Data for this task below:

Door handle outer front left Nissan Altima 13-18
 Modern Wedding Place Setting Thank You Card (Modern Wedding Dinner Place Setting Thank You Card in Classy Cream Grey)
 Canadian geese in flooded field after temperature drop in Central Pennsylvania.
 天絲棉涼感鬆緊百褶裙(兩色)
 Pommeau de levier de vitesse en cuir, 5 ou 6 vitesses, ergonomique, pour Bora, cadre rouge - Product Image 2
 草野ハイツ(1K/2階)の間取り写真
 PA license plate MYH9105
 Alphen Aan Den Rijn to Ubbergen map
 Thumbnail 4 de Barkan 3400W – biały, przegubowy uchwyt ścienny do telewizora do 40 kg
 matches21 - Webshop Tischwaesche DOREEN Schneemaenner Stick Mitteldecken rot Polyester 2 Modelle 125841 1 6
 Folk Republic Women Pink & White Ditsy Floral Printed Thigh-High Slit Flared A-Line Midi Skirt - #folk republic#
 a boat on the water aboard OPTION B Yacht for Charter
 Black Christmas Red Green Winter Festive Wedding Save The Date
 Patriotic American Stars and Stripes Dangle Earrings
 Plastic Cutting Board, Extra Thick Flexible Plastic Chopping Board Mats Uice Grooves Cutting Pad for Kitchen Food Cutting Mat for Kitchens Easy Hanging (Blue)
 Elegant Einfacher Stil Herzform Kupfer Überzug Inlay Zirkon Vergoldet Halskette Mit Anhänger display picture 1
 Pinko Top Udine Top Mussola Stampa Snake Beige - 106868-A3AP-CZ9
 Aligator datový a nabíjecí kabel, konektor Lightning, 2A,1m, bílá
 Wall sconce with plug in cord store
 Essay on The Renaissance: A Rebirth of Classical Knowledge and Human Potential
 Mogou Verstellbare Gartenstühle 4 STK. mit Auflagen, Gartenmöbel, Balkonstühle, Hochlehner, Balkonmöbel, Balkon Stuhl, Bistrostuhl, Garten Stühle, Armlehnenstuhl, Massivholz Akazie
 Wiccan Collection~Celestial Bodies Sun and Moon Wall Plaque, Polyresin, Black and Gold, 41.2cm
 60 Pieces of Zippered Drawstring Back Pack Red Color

End of Data for this task.

■ What you should do:
Word for word, restate each record in the listing.

■ Reply:
Door handle outer front left Nissan Altima 13-18
 Modern Wedding Place Setting Thank You Card (Modern Wedding Dinner Place Setting Thank You Card in Classy Cream Grey)
 Canadian geese in flooded field after temperature drop in Central Pennsylvania.
 天絲棉涼感鬆緊百褶裙(兩色)
 Pommeau de levier de vitesse en cuir, 5 ou 6 vitesses, ergonomique, pour Bora, cadre rouge - Product Image 2
 草野ハイツ(1K/2階)の間取り写真
 PA license plate MYH9105
 Alphen Aan Den Rijn to Ubbergen map
 Thumbnail 4 de Barkan 3400W – biały, przegubowy uchwyt ścienny do telewizora do 40 kg
 matches21 - Webshop Tischwaesche DOREEN Schneemaenner Stick Mitteldecken rot Polyester 2 Modelle 125841 1 6
 Folk Republic Women Pink & White Ditsy Floral Printed Thigh-High Slit Flared A-Line Midi Skirt - #folk republic#
 a boat on the water aboard OPTION B Yacht for Charter
 Black Christmas Red Green Winter Festive Wedding Save The Date
 Patriotic American Stars and Stripes Dangle Earrings
 Plastic Cutting Board, Extra Thick Flexible Plastic Chopping Board Mats Uice Grooves Cutting Pad for Kitchen Food Cutting Mat for Kitchens Easy Hanging (Blue)
 Elegant Einfacher Stil Herzform Kupfer Überzug Inlay Zirkon Vergoldet Halskette Mit Anhänger display picture 1
 Pinko Top Udine Top Mussola Stampa Snake Beige - 106868-A3AP-CZ9
 Aligator datový a nabíjecí kabel, konektor Lightning, 2A,1m, bílá
 Wall sconce with plug in cord store
 Essay on The Renaissance: A Rebirth of Classical Knowledge and Human Potential
 Mogou Verstellbare Gartenstühle 4 STK. mit Auflagen, Gartenmöbel, Balkonstühle, Hochlehner, Balkonmöbel, Balkon Stuhl, Bistrostuhl, Garten Stühle, Armlehnenstuhl, Massivholz Akazie
 Wiccan Collection~Celestial Bodies Sun and Moon Wall Plaque, Polyresin, Black and Gold, 41.2cm
 60 Pieces of Zippered Drawstring Back Pack Red Color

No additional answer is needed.